[Review] Dumb And Dumber: Original Motion Picture Soundtrack (1994)

Forty minutes of Jeff Bridges’ looped farting would have been the higher road.

Kronomyth 2.5: Making plans for NyQuil.

Dumb And Dumber was a stupid movie that got the soundtrack it deserved. Not that I have any sympathy for soundtracks; they’re nothing but after-market product ninety-nine percent of the time. This soundtrack was unusual in that it was released before the film, but such was the cachet of Jim Carrey in 1994 that an album simply bearing his likeness was likely to sell.

The soundtrack generated a handful of singles and very nearly launched the careers of Deadeye Dick and Willi One Blood, both of whom enjoyed national exposure as a result of their contributions to the soundtrack. (In fairness, Deadeye Dick had already enjoyed a local breakout in Louisiana with “New Age Girl” before it was picked up for the soundtrack.) Echobelly also got some much-needed US exposure with their song, “Insomniac,” leading into their first U.S. tour. And, of course, there was the failed launch of Ellen Reid as a solo artist, sort of, on Crash Test Dummies’ unforgivably timid cover of XTC’s “The Ballad of Peter Pumpkinhead,” which is what brought me here in the first place.

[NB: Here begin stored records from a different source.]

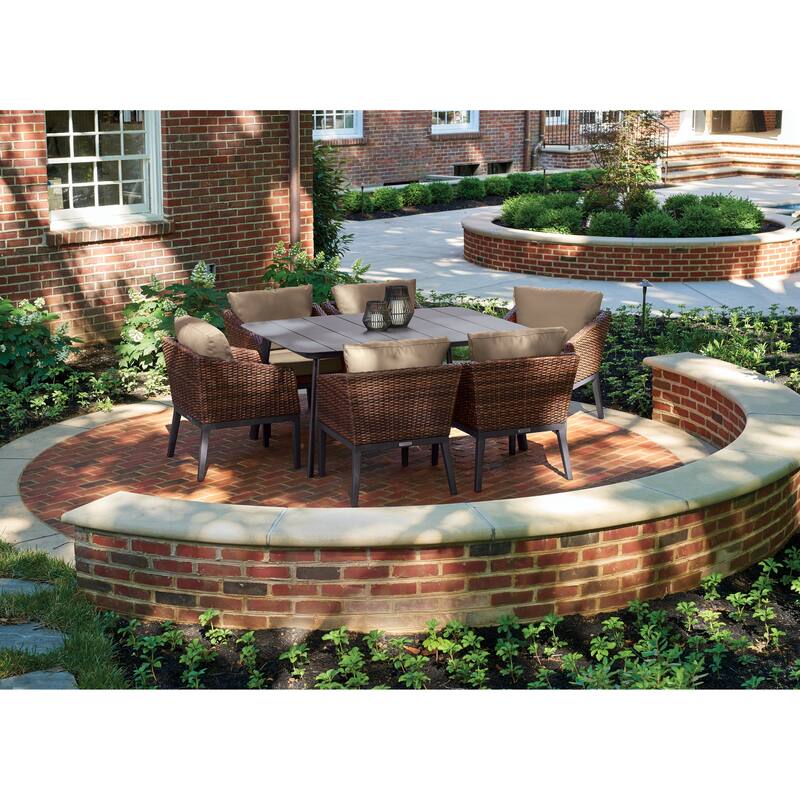 Oxford Garden Eiland 63-inch Powder Coat Carbon Rectangular Dining Table
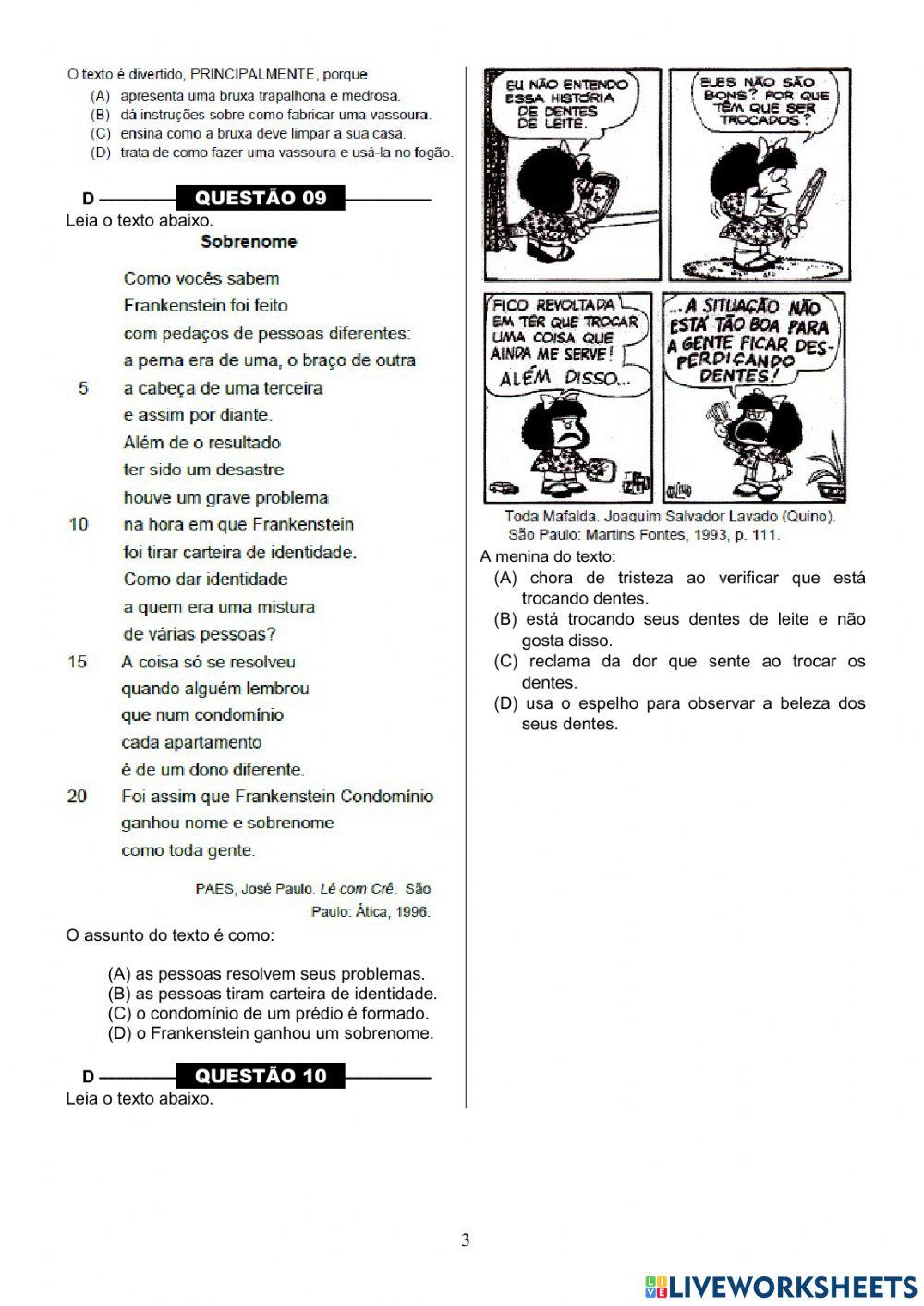 Atividade Diagnóstica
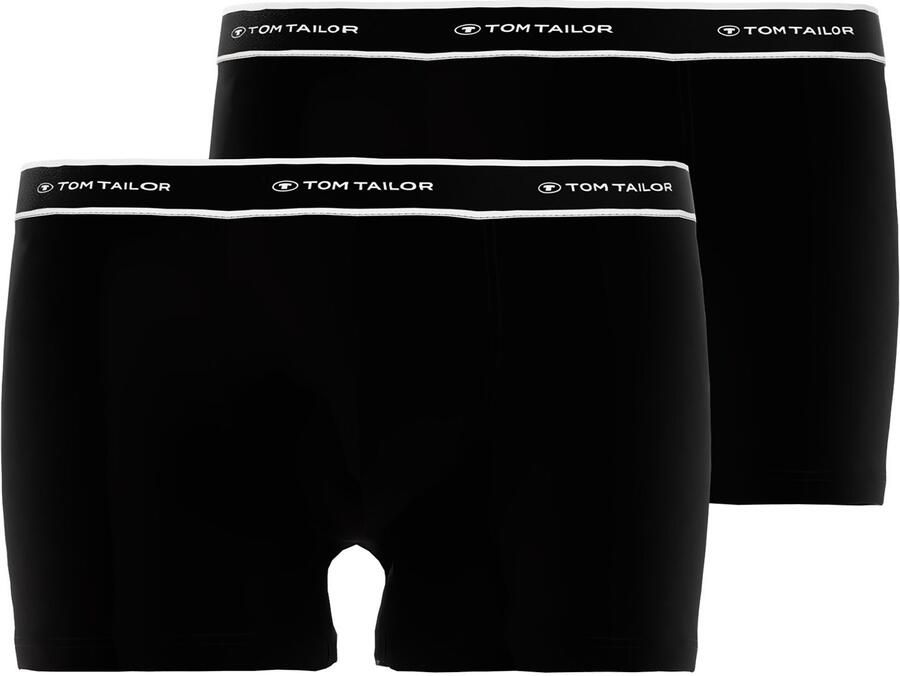 Tom Tailor Boxershort KENTUCKY zacht comfortabel basic smal ademend logoband katoenmix (Set van 2)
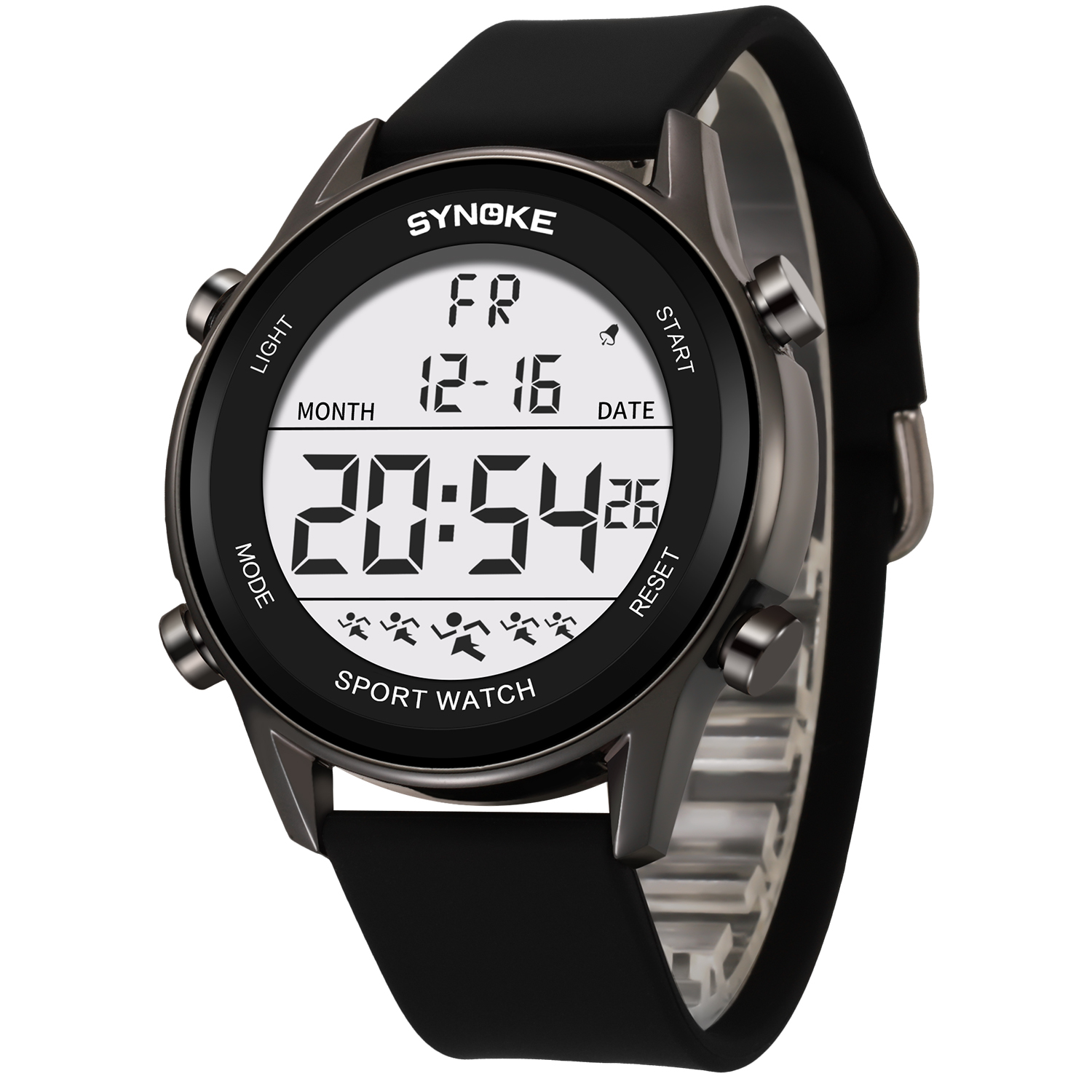 Digital Watches For Men Waterp - Rubber Strap Diver recensie en prijs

Music in the mid-nineties was garbage, except for Garbage and a handful of bands who managed to emerge from the MTV music machine with their dignity intact. Rock and roll had been smoothed over to the point that its soul had been squeezed out. “If You Don’t Love Me,” “Too Much of a Good Thing,” “Crash,” “Take” and “Where I Find My Heaven” are likeable enough, and that’s exactly their problem. You get the sense that bands in the 90s were part of some unholy assembly line where a good hook, a dash of personality and the specter of menace/pain were put into the mouths of detachable heads. Maybe it has always been this way with popular music.

Although I didn’t like the movie, I wanted to like the soundtrack, and I really wanted to like the Dummies’ take on XTC. But it’s just a waste of four minutes. The video is even worse, completely ignoring the song’s JFK overtones for a shameless movie plug, with Reid thrust into the fore, clothed at the cutting edge of whatever fueled the fashion of Friends. Apparently, the song was already part of the Dummies’ live show, which is where producer Ron Fair first heard it, and the rest (as they say) is herstory. One can only imagine it sounds better live.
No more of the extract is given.